(EXERCISE MATERIALS begins)
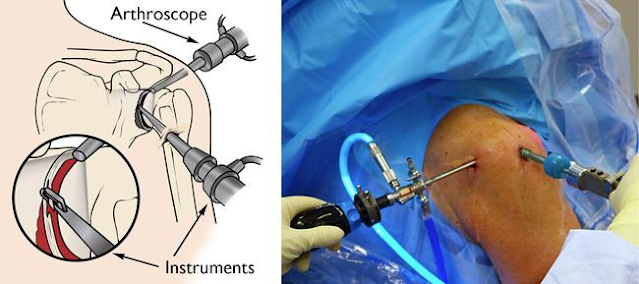 What is Shoulder Arthroscopy?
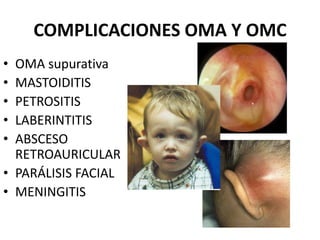 COMPLICACIONES OMA Y OMC
• OMA supurativa
• MASTOIDITIS
• PETROSITIS
• LABERINTITIS
• ABSCESO
  RETROAURICULAR
• PARÁLISIS FACIAL
• MENINGITIS
 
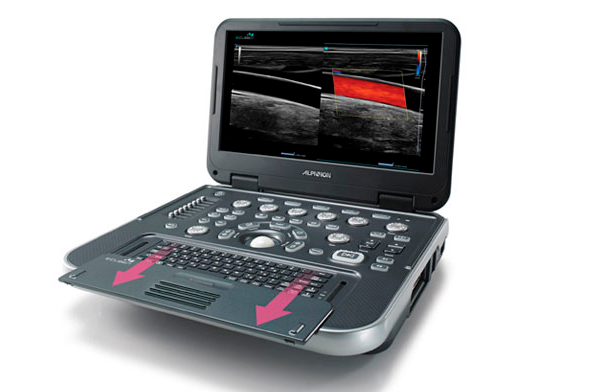 Портативная ультрозвуковая система E-CUBE i7  Портативная ультрозвуковая система E-CUBE i7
(EXERCISE MATERIALS ends)
Exact copies of all the entries, without any pictures, are what the answer must contain.

 What is Shoulder Arthroscopy?
 COMPLICACIONES OMA Y OMC
• OMA supurativa
• MASTOIDITIS
• PETROSITIS
• LABERINTITIS
• ABSCESO
  RETROAURICULAR
• PARÁLISIS FACIAL
• MENINGITIS
 
 Портативная ультрозвуковая система E-CUBE i7  Портативная ультрозвуковая система E-CUBE i7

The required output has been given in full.